E lì, tra i partigiani, stava morendo qualcosa e qualcos' altro nasceva.
"Noi stiamo costruendo su queste montagne il futuro dei nostri figli e nipoti, affinché loro possano vivere un
presente migliore”, aveva detto, Milan, in qualche momento di riposo, ai suoi brigatisti.
"Le ultime parole di Milan le sentii mentre ero presso un contadino, non lontano da Spello.
Mi fissava col suo sguardo limpido e acuto; e fissava contemporaneamente i figli del contadino: "Tutto perché
questi bambini non abbiano a vedere il mondo che abbiamo visto noi", disse. (da "Il Partigiano Milan, di Enzo
Rossi).
Verso la prima metà di giugno 1944, pochi giorni prima che giungessero gli Alleati a liberare Foligno e
Spello, il Comandante con la sua brigata stava preparando un piano per liberare, dal campo di concentramento
di Campello, i civili italiani catturati durante i vari rastrellamenti e pronti per essere deportati in Germania.
Il piano non fu portato a termine per il sopraggiungere di una crisi cardiaca a quel giovane dai capelli biondi e
gli occhi azzurri, il cui debole cuore già da tempo lo costringeva a fermarsi durante le lunghe e dure salite sul
monte, perchè non riusciva a tenere il passo dei suoi partigiani.
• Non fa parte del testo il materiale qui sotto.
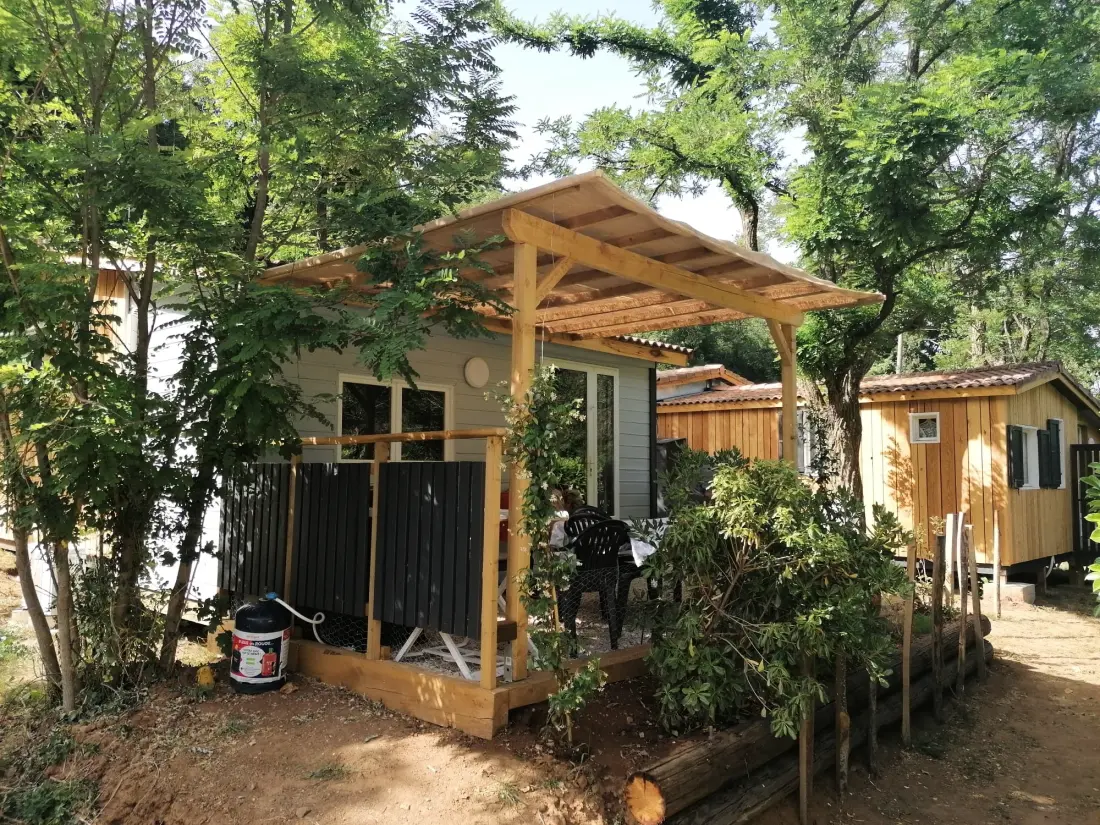 Camping maeva Escapades Coeur d'Ardèche 4 étoiles★★★★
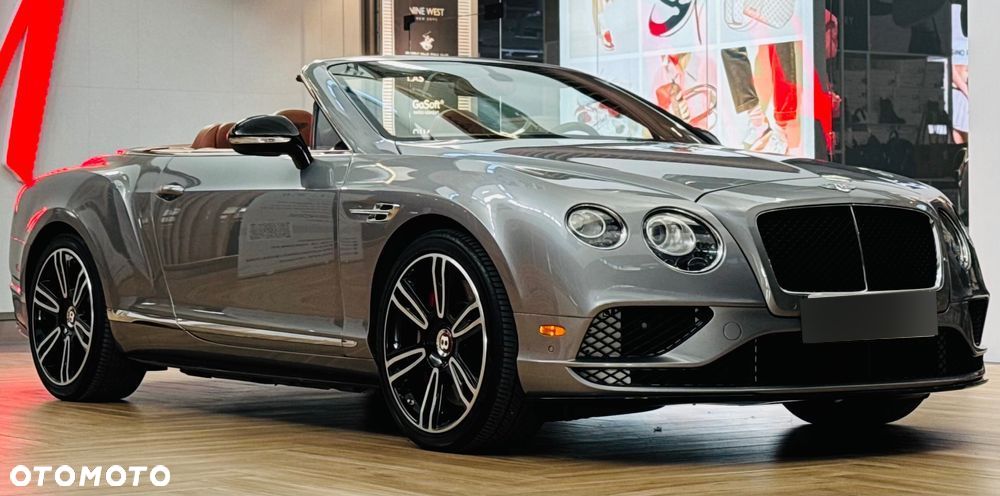 Bentley Continental GT V8 S Convertible - 10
Lo porteranno, clandestinamente, prima all'ospedale di Foligno e poi a quello di Perugia, dove morirà dopo
qualche mese.
Con Milan moriva un ragazzo, come tanti, che aveva scelto di fare la sua "piccola" guerra di Liberazione sul
Subasio.
Chi lo conobbe ricorderà "le rose rosse che non mancavano mai sulla sua tomba" nel cimitero di Perugia, dove
aveva voluto essere sepolto, affinché le sue ossa, un giorno, fossero mescolate a quelle dei contadini umbri,
"nel grande ossario comune".

(I) Da una lettera di denuncia di Balilla Bordoni del 30.8.1945, indirizzata al CLN, si racconta che il 24
ottobre 1943 "nel rastrellamento a Collepino parteciparono circa 370 fascisti al comando di un console e di
un maggiore di Assisi". Nella stessa lettera si afferma che "nella notte del 12−13 gennaio 1944 alle ore 2.30
un plotone di trenta militi, tra fascisti e tedeschi, penetrò violentemente nella mia casa arrestando me e mio
fratello più piccolo, Antonio, sottoponendoci ad interrogatori a suon di nerbate".